John Kibowen

Personal information
- Full name: John Kipkemboi Kemboi Kibowen
- Nationality: Kenya
- Born: April 21, 1969 (age 57) Changach, Keiyo District, Kenya
- Occupation: Long-distance runner
- Employer: Kenya Defence Forces

Sport
- Sport: Athletics
- Events: 1500 metres, 5000 metres, Cross country running
- Club: PACE Sports Management
- Turned pro: 1997

Achievements and titles
- Personal bests: 1500 m: 3:30.18 (1998); 3000 m: 7:29.09 (1998); 5000 m: 12:54.07 (2003); Marathon: 2:11:04 (2008);

Medal record
Men's athletics
Representing Kenya
World Championships
| Bronze medal – third place | 2001 Edmonton | 5000 m |
World Cross Country Championships
| Gold medal – first place | 1998 Marrakesh | Short race |
| Gold medal – first place | 2000 Vilamoura | Short race |
| Silver medal – second place | 2003 Lausanne | Short race |

= John Kibowen =

Kenyan long-distance runner

John Kipkemboi Kibowen (born 21 April 1969) is a Kenyan former long-distance runner who specialized in the 5000 metres and cross-country running.
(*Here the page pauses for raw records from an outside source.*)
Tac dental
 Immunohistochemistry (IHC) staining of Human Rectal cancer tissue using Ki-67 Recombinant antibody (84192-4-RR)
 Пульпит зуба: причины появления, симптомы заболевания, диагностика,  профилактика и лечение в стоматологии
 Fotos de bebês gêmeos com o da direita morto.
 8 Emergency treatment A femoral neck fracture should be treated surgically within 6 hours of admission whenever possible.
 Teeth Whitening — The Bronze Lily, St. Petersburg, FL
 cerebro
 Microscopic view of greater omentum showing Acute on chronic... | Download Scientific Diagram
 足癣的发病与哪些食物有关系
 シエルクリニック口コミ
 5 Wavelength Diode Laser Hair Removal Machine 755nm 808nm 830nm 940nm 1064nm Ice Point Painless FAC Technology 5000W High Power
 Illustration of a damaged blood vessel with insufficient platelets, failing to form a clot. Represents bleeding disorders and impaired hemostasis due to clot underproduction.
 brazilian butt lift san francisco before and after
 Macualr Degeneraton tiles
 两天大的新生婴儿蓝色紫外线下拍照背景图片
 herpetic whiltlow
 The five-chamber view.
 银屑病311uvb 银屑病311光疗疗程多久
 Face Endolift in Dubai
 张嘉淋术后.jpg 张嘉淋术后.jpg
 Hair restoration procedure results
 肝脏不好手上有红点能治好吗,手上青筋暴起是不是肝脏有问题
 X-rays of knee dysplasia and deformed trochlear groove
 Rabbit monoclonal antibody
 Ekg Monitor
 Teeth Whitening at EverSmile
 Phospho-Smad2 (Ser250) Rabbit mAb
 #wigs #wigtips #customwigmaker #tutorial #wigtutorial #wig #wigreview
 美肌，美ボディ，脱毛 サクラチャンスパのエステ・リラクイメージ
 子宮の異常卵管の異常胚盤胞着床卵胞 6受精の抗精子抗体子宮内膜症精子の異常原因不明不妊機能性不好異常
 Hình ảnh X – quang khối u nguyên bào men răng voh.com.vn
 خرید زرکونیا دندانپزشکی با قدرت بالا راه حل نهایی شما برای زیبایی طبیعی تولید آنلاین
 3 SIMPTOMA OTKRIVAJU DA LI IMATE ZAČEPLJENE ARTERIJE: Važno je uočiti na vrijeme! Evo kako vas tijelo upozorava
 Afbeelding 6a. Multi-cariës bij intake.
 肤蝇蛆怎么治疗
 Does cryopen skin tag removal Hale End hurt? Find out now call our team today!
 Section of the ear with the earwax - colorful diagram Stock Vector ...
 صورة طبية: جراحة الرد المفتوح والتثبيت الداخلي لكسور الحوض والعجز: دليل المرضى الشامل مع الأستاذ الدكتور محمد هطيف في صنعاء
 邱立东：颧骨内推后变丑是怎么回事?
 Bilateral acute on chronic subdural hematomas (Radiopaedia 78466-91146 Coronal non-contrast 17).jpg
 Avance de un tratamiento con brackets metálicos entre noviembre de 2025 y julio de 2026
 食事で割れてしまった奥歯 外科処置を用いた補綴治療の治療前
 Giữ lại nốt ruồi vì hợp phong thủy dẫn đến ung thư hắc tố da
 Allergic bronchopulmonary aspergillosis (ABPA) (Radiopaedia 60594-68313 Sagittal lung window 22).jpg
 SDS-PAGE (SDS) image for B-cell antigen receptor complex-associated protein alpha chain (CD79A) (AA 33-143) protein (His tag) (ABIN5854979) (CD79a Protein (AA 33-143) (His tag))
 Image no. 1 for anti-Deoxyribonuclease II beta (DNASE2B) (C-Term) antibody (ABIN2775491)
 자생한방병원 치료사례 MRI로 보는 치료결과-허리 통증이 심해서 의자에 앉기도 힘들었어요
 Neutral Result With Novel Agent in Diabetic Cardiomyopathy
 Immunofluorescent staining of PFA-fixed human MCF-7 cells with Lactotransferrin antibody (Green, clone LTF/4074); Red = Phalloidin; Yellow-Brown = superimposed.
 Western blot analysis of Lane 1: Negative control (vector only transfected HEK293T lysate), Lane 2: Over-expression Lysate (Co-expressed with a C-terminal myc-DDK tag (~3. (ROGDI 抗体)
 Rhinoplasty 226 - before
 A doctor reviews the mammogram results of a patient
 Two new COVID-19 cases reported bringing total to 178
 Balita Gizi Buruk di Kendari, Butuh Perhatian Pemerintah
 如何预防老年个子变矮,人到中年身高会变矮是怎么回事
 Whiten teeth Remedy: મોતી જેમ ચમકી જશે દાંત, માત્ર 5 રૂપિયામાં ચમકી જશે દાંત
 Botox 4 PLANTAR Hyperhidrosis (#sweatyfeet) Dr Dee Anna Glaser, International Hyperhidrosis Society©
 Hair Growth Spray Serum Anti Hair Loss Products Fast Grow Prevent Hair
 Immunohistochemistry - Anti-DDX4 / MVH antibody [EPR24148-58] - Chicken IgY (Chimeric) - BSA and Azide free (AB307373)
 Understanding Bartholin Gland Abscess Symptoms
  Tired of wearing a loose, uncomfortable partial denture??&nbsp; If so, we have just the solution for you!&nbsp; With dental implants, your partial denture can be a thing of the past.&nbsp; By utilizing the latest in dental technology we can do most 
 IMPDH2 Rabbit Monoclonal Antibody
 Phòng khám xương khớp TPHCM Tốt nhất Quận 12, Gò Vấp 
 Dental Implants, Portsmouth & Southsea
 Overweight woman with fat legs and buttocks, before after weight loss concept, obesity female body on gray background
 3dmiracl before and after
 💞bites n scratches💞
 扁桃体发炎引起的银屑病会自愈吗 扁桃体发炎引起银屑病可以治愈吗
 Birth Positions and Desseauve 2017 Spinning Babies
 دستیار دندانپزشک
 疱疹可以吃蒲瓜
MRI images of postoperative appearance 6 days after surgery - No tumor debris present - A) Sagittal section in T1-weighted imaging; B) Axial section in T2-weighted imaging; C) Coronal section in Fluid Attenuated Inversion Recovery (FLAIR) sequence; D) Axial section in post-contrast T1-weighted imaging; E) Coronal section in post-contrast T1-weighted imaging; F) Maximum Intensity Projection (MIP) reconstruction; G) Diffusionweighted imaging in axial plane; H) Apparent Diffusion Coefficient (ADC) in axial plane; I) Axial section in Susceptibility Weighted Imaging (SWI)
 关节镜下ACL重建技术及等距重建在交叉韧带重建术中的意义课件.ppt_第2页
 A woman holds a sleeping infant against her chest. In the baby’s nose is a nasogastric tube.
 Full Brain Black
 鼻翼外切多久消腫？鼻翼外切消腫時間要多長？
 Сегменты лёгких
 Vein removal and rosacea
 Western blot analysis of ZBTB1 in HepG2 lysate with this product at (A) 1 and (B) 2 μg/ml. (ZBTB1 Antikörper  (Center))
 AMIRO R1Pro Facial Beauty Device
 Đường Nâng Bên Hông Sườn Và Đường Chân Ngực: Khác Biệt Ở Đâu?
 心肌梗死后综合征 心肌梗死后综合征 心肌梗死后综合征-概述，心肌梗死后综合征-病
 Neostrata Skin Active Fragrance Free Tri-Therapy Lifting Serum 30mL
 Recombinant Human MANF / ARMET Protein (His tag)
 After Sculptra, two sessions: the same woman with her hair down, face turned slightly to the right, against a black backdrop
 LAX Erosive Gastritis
Kobowen is from Changach, Nandi. Kibowen trained with the PACE Sports Management training camp in Kaptagat.

== Career ==

=== Cross Country ===
Kibowen won the gold medal in the short race at the 1998 and 2000 IAAF World Cross Country Championships, and finished second in 2003.

=== 5000 metres ===
He won a bronze at the 2001 World Championships and a silver at the 31st IAAF World Cross Country Championships, finished fourth at the 2003 World Championships and sixth at the 2004 Summer Olympics and the 2005 World Championships.

=== 10000 metres ===
He won the Parelloop 10K in race in the Netherlands three times a row: 2003, 2004, 2005.